Restate word for word the section of the entries that opens at the line containing "That's the MLB." and closes at the line containing "Hi friends, let's", both lines kept, pictures dropped.

RECORDS FOR THIS EXERCISE: Begin

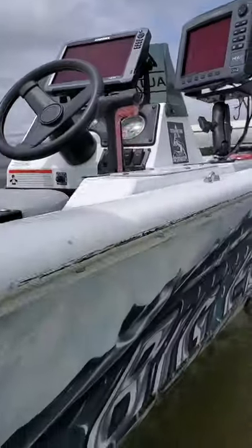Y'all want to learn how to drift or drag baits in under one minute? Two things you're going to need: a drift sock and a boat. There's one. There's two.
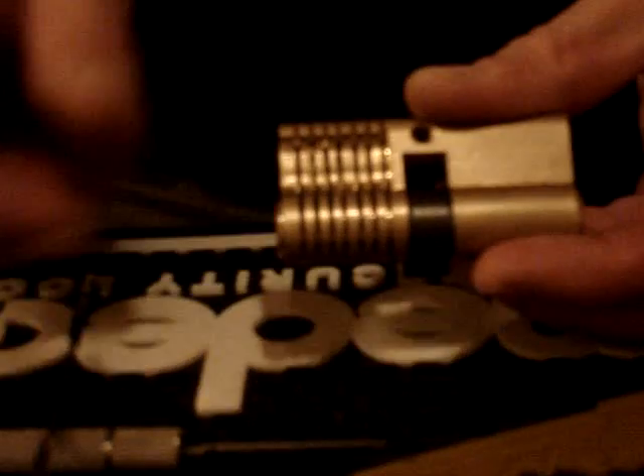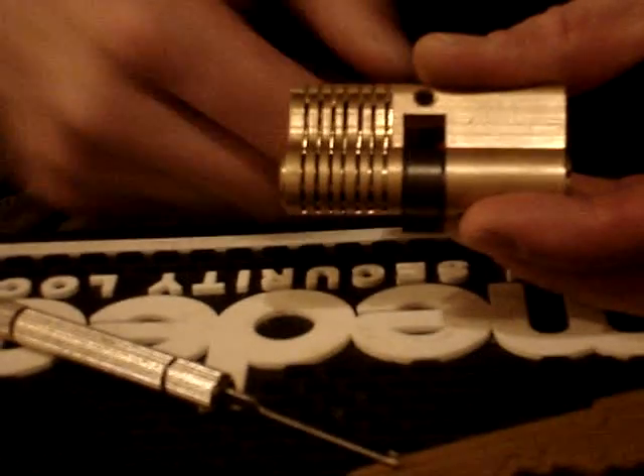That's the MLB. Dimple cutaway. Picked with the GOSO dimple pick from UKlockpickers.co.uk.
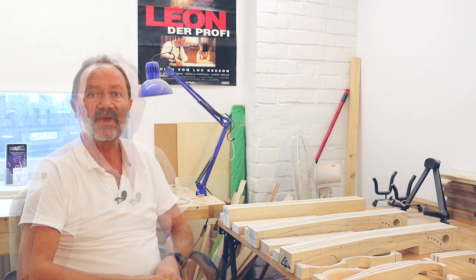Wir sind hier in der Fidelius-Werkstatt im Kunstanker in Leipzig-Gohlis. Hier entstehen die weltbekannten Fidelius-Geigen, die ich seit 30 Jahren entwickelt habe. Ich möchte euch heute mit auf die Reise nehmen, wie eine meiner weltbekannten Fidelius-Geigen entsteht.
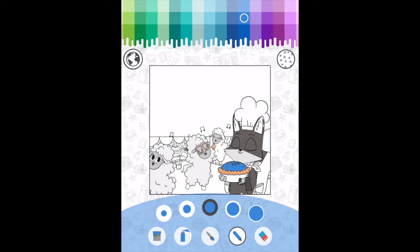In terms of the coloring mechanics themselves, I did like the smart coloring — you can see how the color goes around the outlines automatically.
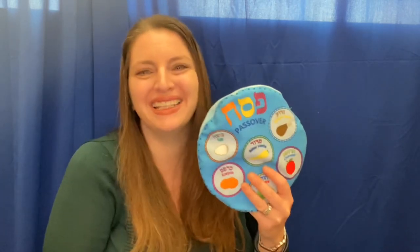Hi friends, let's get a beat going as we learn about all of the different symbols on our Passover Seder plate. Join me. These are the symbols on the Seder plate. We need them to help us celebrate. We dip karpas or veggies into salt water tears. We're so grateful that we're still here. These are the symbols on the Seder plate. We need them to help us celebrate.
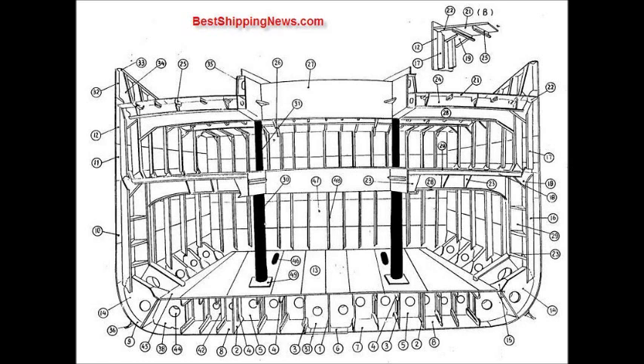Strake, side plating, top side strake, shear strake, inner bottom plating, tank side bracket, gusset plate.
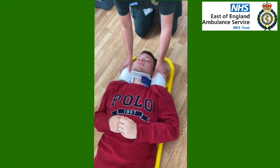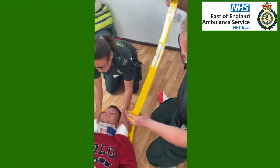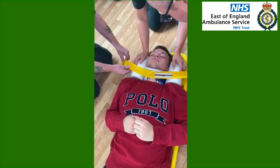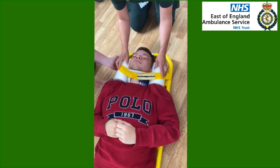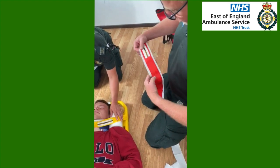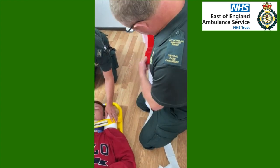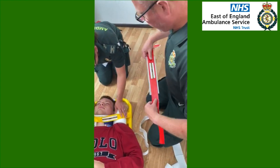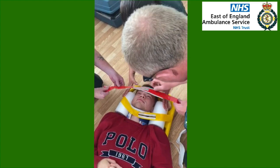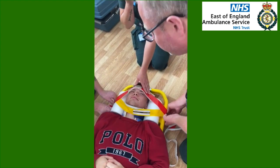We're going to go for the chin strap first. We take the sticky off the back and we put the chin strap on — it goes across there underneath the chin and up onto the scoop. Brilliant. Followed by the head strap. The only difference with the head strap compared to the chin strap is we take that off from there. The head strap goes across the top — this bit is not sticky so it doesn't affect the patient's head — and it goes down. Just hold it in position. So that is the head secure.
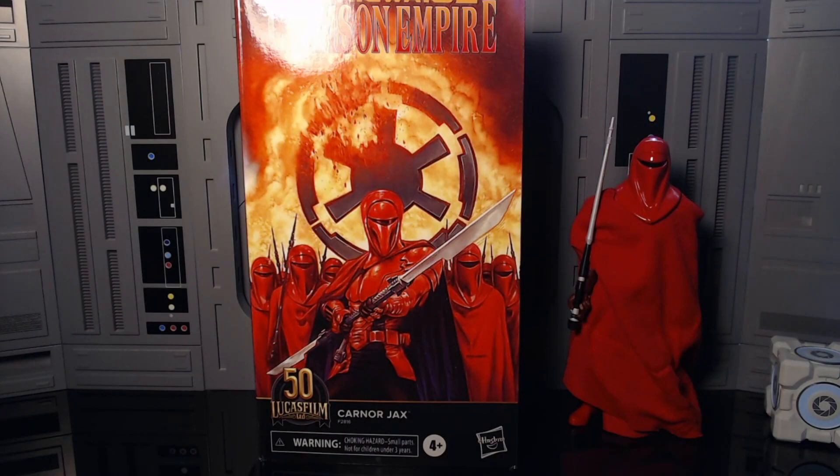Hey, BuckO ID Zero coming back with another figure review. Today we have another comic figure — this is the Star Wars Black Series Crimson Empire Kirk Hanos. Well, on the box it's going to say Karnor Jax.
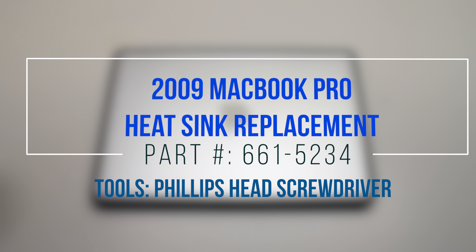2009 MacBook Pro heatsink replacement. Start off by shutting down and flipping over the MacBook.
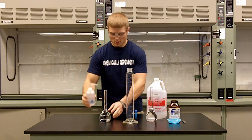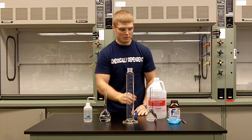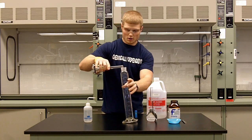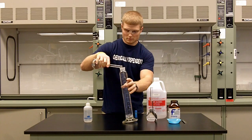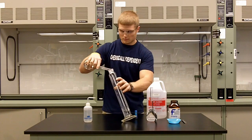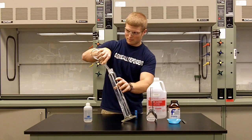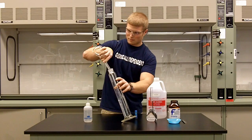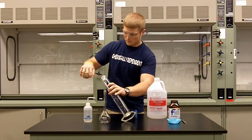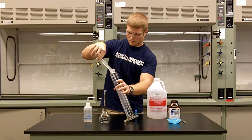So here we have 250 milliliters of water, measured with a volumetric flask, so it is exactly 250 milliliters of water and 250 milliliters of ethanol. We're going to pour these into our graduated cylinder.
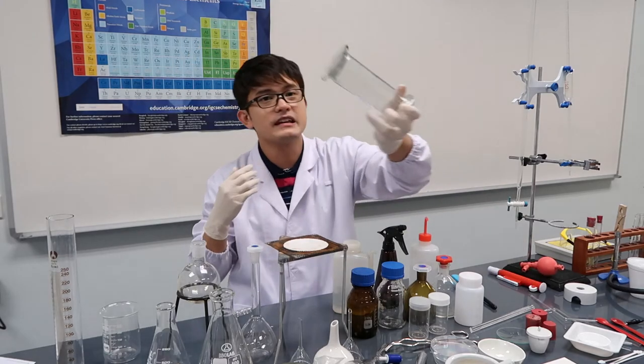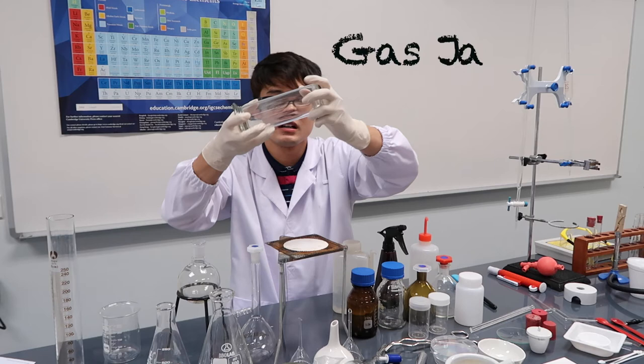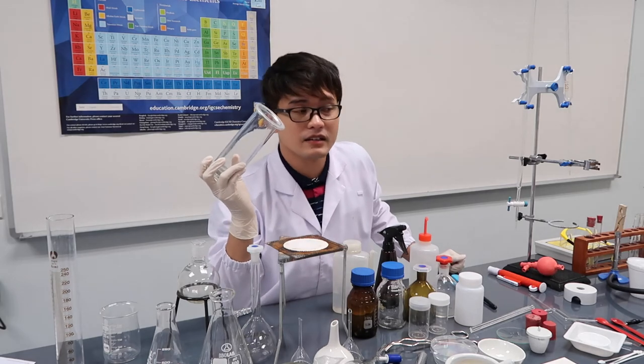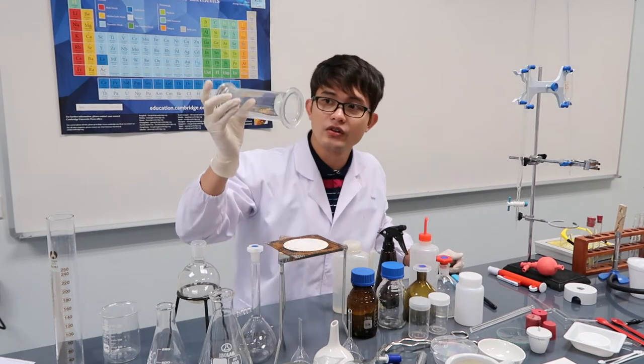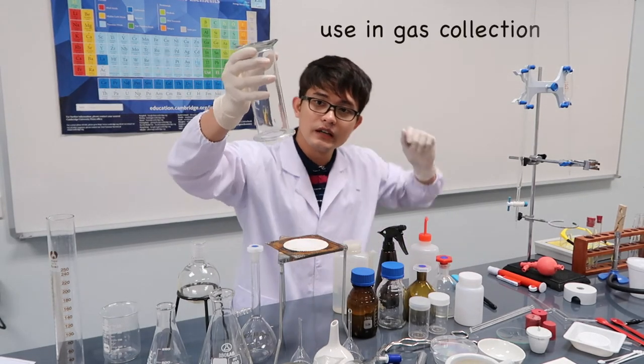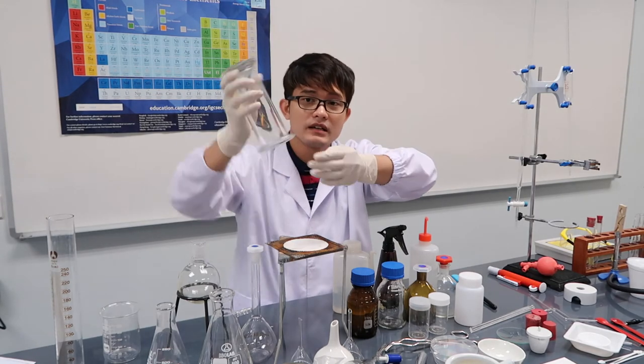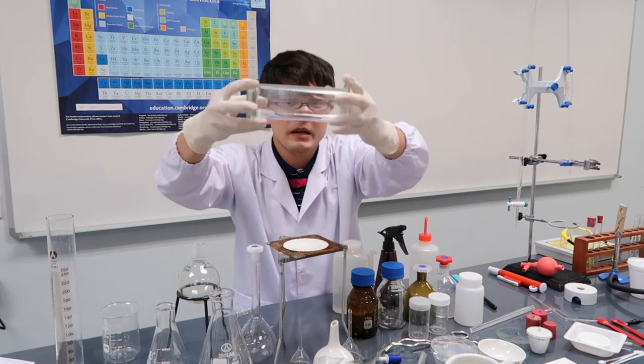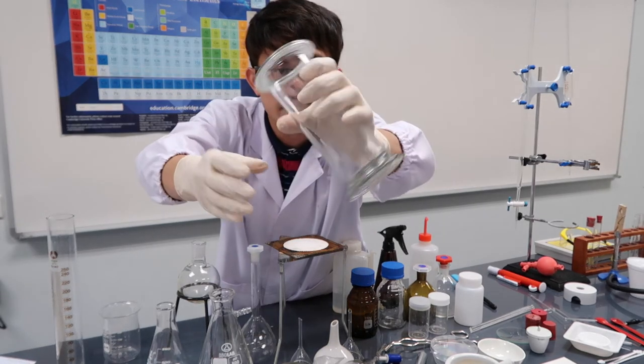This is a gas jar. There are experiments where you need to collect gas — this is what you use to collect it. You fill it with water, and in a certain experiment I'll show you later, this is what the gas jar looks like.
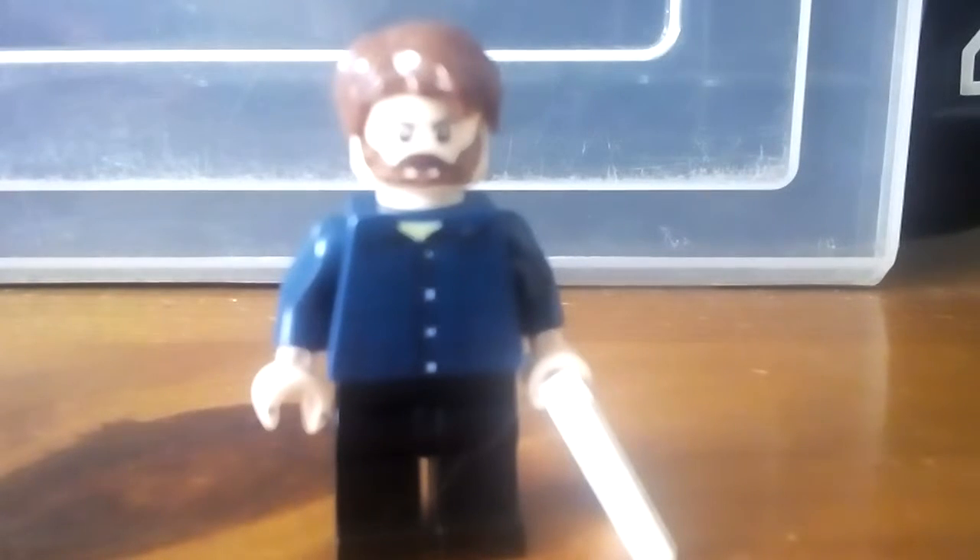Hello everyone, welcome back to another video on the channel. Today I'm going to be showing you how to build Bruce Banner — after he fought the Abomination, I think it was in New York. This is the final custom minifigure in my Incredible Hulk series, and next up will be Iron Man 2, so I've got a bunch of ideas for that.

RECORDS FOR THIS EXERCISE: End

▸ ANSWER
That's the MLB. Dimple cutaway. Picked with the GOSO dimple pick from UKlockpickers.co.uk.
Wir sind hier in der Fidelius-Werkstatt im Kunstanker in Leipzig-Gohlis. Hier entstehen die weltbekannten Fidelius-Geigen, die ich seit 30 Jahren entwickelt habe. Ich möchte euch heute mit auf die Reise nehmen, wie eine meiner weltbekannten Fidelius-Geigen entsteht.
In terms of the coloring mechanics themselves, I did like the smart coloring — you can see how the color goes around the outlines automatically.
Hi friends, let's get a beat going as we learn about all of the different symbols on our Passover Seder plate. Join me. These are the symbols on the Seder plate. We need them to help us celebrate. We dip karpas or veggies into salt water tears. We're so grateful that we're still here. These are the symbols on the Seder plate. We need them to help us celebrate.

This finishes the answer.